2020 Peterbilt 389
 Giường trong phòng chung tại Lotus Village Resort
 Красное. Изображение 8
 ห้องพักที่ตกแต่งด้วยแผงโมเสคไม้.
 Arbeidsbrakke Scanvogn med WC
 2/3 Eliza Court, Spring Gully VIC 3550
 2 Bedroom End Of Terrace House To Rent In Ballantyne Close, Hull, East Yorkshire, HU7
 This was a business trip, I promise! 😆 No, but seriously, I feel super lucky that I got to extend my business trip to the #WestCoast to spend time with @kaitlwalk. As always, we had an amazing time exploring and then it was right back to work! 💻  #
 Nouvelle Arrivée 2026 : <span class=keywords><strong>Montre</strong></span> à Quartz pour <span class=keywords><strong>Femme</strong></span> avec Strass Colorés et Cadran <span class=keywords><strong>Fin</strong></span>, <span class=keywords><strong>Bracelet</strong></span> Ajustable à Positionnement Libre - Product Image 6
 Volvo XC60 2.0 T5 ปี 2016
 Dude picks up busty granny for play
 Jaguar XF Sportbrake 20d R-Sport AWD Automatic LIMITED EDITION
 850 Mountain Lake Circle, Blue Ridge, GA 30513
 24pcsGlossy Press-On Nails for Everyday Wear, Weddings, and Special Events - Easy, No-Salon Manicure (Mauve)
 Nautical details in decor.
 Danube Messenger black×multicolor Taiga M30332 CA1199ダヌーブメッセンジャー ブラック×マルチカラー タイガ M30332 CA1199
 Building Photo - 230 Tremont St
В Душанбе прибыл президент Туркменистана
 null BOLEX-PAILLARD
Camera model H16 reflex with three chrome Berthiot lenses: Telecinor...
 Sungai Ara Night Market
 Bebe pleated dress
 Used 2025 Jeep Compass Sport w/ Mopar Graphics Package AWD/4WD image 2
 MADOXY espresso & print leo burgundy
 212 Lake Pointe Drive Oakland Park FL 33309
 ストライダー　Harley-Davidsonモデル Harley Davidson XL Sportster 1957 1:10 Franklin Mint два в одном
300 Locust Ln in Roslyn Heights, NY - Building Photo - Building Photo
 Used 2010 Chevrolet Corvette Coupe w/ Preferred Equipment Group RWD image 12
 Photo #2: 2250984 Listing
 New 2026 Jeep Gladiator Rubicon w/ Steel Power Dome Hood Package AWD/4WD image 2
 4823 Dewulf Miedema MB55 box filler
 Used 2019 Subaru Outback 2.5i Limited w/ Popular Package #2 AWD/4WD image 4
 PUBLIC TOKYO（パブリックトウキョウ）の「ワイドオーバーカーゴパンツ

== What to do ==
Check each line of the material above for "with" and say how many lines contain it, giving the number alone.

== Answer ==
2